Managing Emotions

Emotions are the spice of life, but when they run the show, all hell breaks loose. Where do emotions come from? Everywhere. They are a product of our chemistry, our culture, our families. We take emotional information from our friends, the books we read, the movies we watch, T.V, and increasingly the internet and news outlets. and most of all from our families of origin are perhaps the biggest influencers.

Emotions reside in the part of our brain that is more automatic, and less dependent on facts and reason. Emotions may be based on ancient information that at one time in our human history meant the difference between life and death but is less relevant to modern day life.

When couples are fighting, I often hear, “I couldn’t help it.

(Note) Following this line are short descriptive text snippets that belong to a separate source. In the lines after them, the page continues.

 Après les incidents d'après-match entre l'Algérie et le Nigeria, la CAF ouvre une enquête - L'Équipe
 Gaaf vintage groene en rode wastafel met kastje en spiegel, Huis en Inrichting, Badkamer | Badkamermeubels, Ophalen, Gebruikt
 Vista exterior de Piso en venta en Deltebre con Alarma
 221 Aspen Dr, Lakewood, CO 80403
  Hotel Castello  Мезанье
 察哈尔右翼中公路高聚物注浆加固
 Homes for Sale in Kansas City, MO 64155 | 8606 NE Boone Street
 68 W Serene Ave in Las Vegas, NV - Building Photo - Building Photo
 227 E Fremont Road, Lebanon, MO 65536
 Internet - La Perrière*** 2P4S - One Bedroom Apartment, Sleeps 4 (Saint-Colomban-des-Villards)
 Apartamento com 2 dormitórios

If he or she didn’t do that, I wouldn’t do…”. The truth is that we manage our emotions all of the time. If we didn’t, we’d be dead or in jail. Think about the last time a driver made you mad. Did you run her off the road? Did you shoot him? Probably not. Why? Because you soothed your emotional response and decided it would not be in your best interests to give in to your anger. You made a choice about how to behave in an emotionally charged situation.

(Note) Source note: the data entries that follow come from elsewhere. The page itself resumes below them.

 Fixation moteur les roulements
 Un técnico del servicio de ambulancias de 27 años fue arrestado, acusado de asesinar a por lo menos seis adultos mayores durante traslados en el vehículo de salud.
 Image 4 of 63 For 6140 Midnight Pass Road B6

Why don’t we do this with our partners? One reason is that our grievances feel more personal and tend to last longer. The driver didn’t hurt our feelings; he just made us mad. Typically, people are less civil with their mates than they are with most other people. There is a sense of entitlement about our feelings that seems not to exist in other relationships. Perhaps we feel, based on a sense of mutual interdependence, that we are more likely to get away with bad behavior or incivility. It takes a lot to break up a relationship.

People who don’t manage their emotions can do irreparable harm to their partners and their relationships. John Gottman, the noted researcher and psychotherapist, describes relationship deal breakers. He calls these “The Four Horsemen of the Apocalypse”. These are criticism, contempt, defensiveness, and stonewalling. People who resort to any of these tactics torpedo their relationships. Nothing can make up for it.

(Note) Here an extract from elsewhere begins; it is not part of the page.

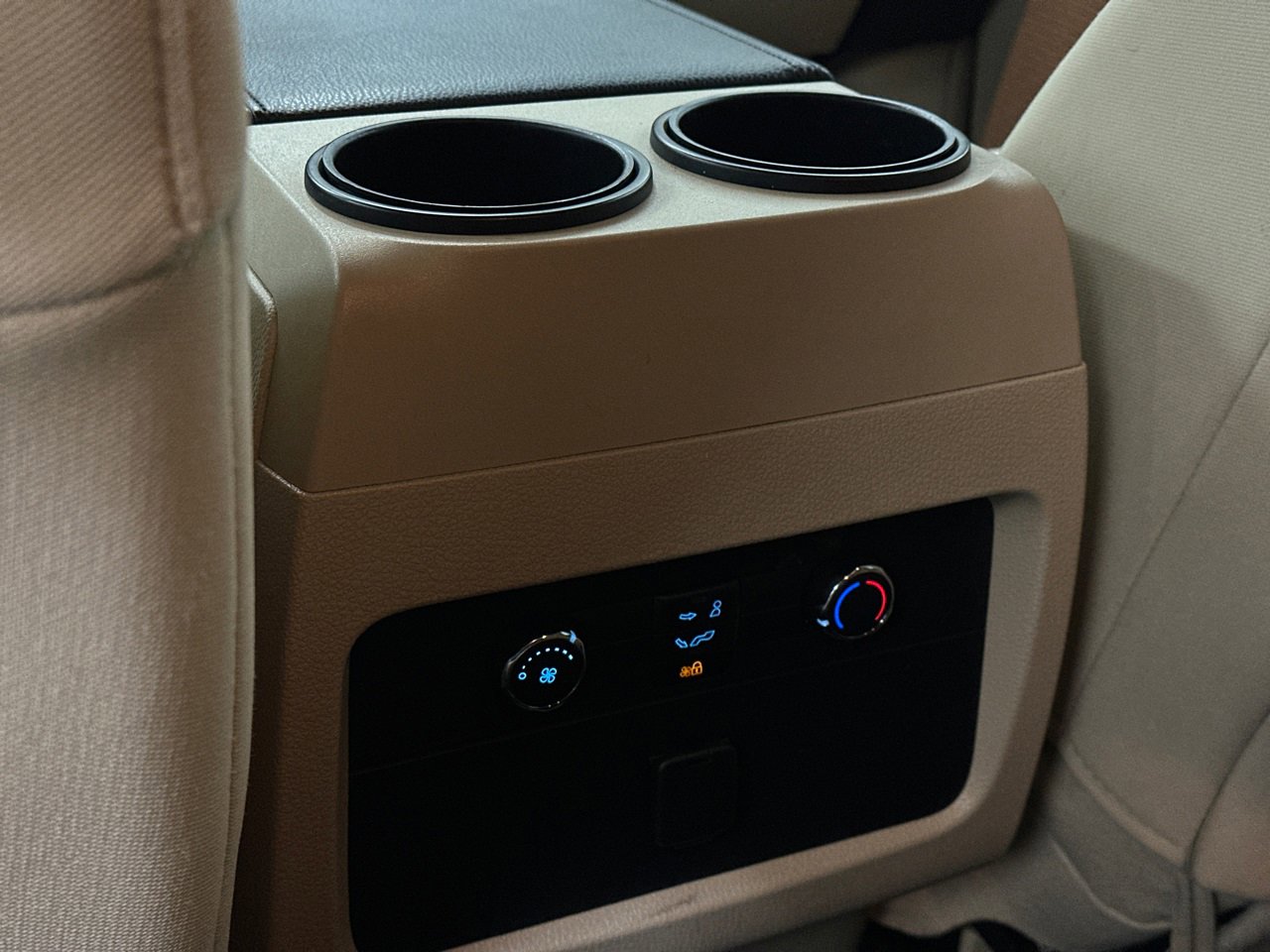 Used 2015 Ford Expedition XL image 16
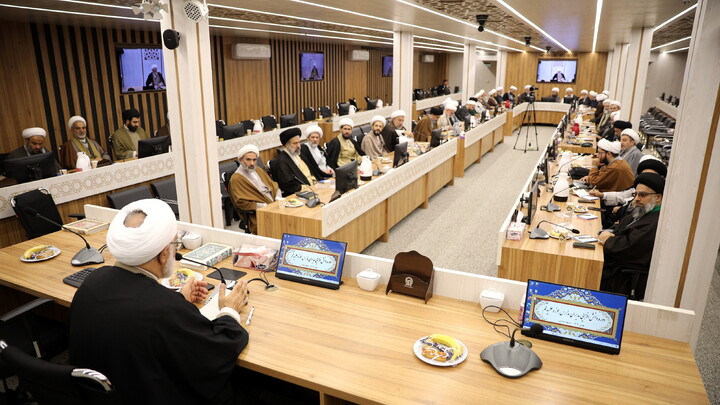 تصاویر/دوره دانش افزایی مدیران مدارس حوزه علمیه قم - مشهد مقدس - نقش مدیران مدارس علمیه در تحقق حوزه پیشرو و سر آمد با برش مدارس علمیه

How do you avoid the Four Horsemen, and learn to manage your emotions? It’s important to understand that while you can’t always control what you feel, you can control your thoughts and your actions. Taking a time out, deep breathing, or physical exercise can help you to self soothe enough to decide how you want to respond. You are then in charge of yourself and much more likely to make a useful choice about what to say or do.